Most observers are still trying to figure out president-elect Donald Trump’s likely Iran policy. Whatever it might be as an approach, it will probably be nothing as accommodating as has been the case in the Obama era. And if Washington starts to earnestly squeeze Tehran from January 21, 2017, the Iranians no doubt will turn to Russia and China for protection.
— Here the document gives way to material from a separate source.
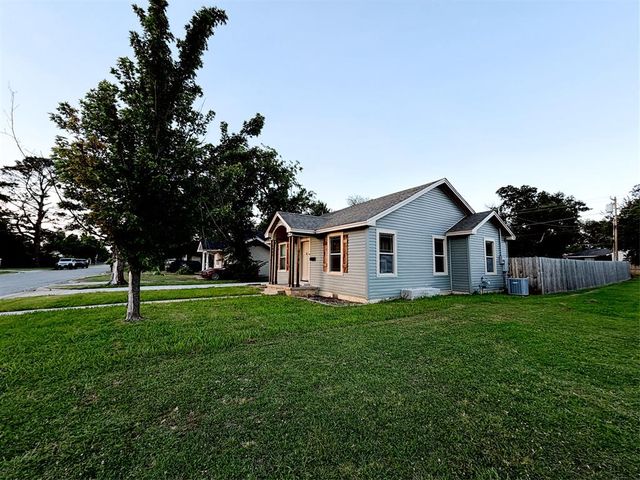 1805 N Louisa Avenue, Shawnee, OK 74804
Vladimir Putin’s ambition to make Iran into a Russian satellite state draws plenty of attention from American analysts. It is less the case with China’s long-term plans to turn Iran into one of its key anchors in west Asia. And unlike Moscow – where the glue for closer ties is arguably a convergence of Iranian-Russian interest over Syria’s fate - Beijing is offering Iran a multilayered and yet complimentary set of blueprints that will be hard for Tehran to ignore. The Chinese focus relies heavily on energy, transport, and increasingly, security cooperation.

China’s big plans

In 2013, Chinese President Xi Jinping launched a highly ambitious plan to integrate the Chinese economy much more closely to key countries in Eurasia. Dubbed the One Belt, One Road (OBOR) project, this multi-billion-dollar initiative is aimed to develop and link up a host of land-based and maritime trade routes in order to provide numerous trade corridors from China to Europe. Chinese investment and companies are meant to spearhead this gigantic infrastructure development that is due to be implemented over a period of 10 to 15 years.

Geography alone makes Iran into a pivotal player in China’s plans. The fact that Iran happens to be a large and hungry market of 80 million people is an added bonus for Beijing and its businesses looking for more market shares around the world.
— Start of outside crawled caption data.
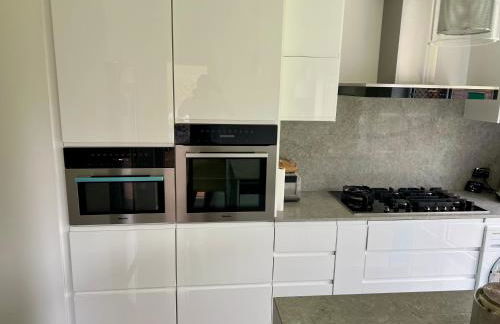 Timeless English Elegance 4BR Luxury Home in Petts Wood - Photo 20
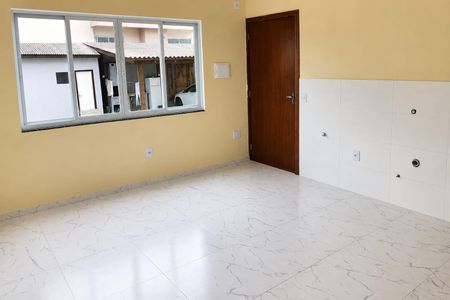 Cozinha de kitnet/studio para alugar com 1 quarto, 40m² em Serraria, São José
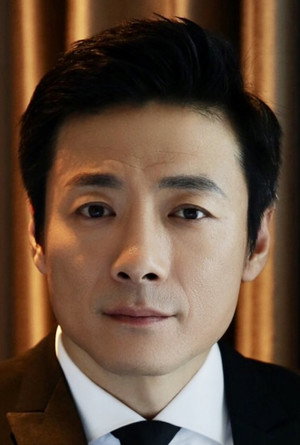 祖峰 profil kép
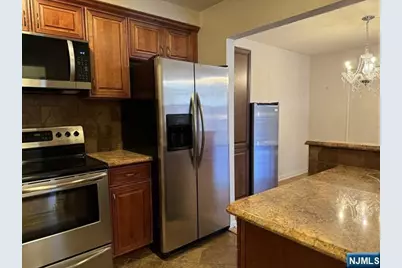 468A Liberty Street 304 #304, Little Ferry, NJ 07643 - Photo 3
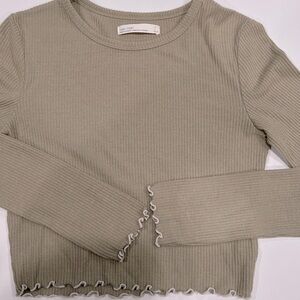 Oak + Fort ribbed cropped tee with ruffles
The Chinese specifically consider Iran an inevitable partner and a conduit to the five landlocked states of Central Asia: Kazakhstan, Kyrgyzstan, Tajikistan, Turkmenistan and Uzbekistan. The five states combined represent a market of about 65 million people. The Chinese have already replaced the Russians as the largest trading partner of the Central Asian states. The Central Asians have plenty of energy resources that Beijing craves in return for Chinese goods and services. Meanwhile, Iran is an important alternative outlet to Central Asia and Beijing wants to shape and have a say about Tehran’s policies toward its northern neighbors.

Security calculations

But China is not assessing its options in Central Asia purely through an economic lens. In fact, it has some deep security interests there. Beijing sees Central Asia – a Muslim-majority region but formerly part of the Soviet Union where secular Islam dominates - as a bulwark. In the lands west and south of Central Asia, China is mostly confronted by politicized versions of Islam that it fears.

Beijing fears that radical Islam as it is propagated by some Middle Eastern states will incite China’s own restive Muslim minority that overwhelmingly live in regions adjacent to the Central Asian states. It is no coincidence that China’s greatest push for cooperation with the Central Asian states has come in the area of security and counter-extremism.

In fact, the leading collective body at the heart of Eurasia – the Shanghai Cooperation Organization – began as an effort to enhance security cooperation among the member states. Interestingly,  the Central Asian states and Chinado not appear to fear Iran’s avowed commitment to political Islam. They see the Shiite Iranian Islamist version as structurally limiting and largely a bad fit for their Muslim populations that generally belong to the Sunni sect of Islam.

Iran’s view

And there are domestic factors in Tehran that are no doubt facilitating China’s Iranian inroads. Hardliners in various corners in the Iranian state machinery – from a minority in the foreign ministry to a majority in the ranks of the Islamic Revolution Guards Corps (IRGC) –argue that Tehran should prioritize diplomatic and economic ties with states such as Russia and China over Western states.

This posture is above all shaped by ideological preferences. However, uncertainties about the future of Iran’s relations with the West, which have intensified following Trump’s election victory, are at the moment helping these hardliners make a stronger case for their policy offers. The stage for closer ties is in many ways already set. During his state visit to Tehran in January, Presidents Xi and Rouhani laid the groundwork for much closer relations. The two states agreed to expand trade to $600 billion over a 10-year period while also framing stronger cooperation as part of a 25-year plan.

For sure, cooperation in the energy sector is a big part of it as Beijing remains Iran’s biggest oil customer, but the vision for deeper ties transcends that. Meanwhile, as the OBOR was one of President Xi’s signature foreign policy ambitions, he will most likely remain faithful to it while he is in office. And depending on Trump’s coming Iran policy, Tehran might soon find the Chinese offer of closer ties is the kind of political insurance they cannot turn down.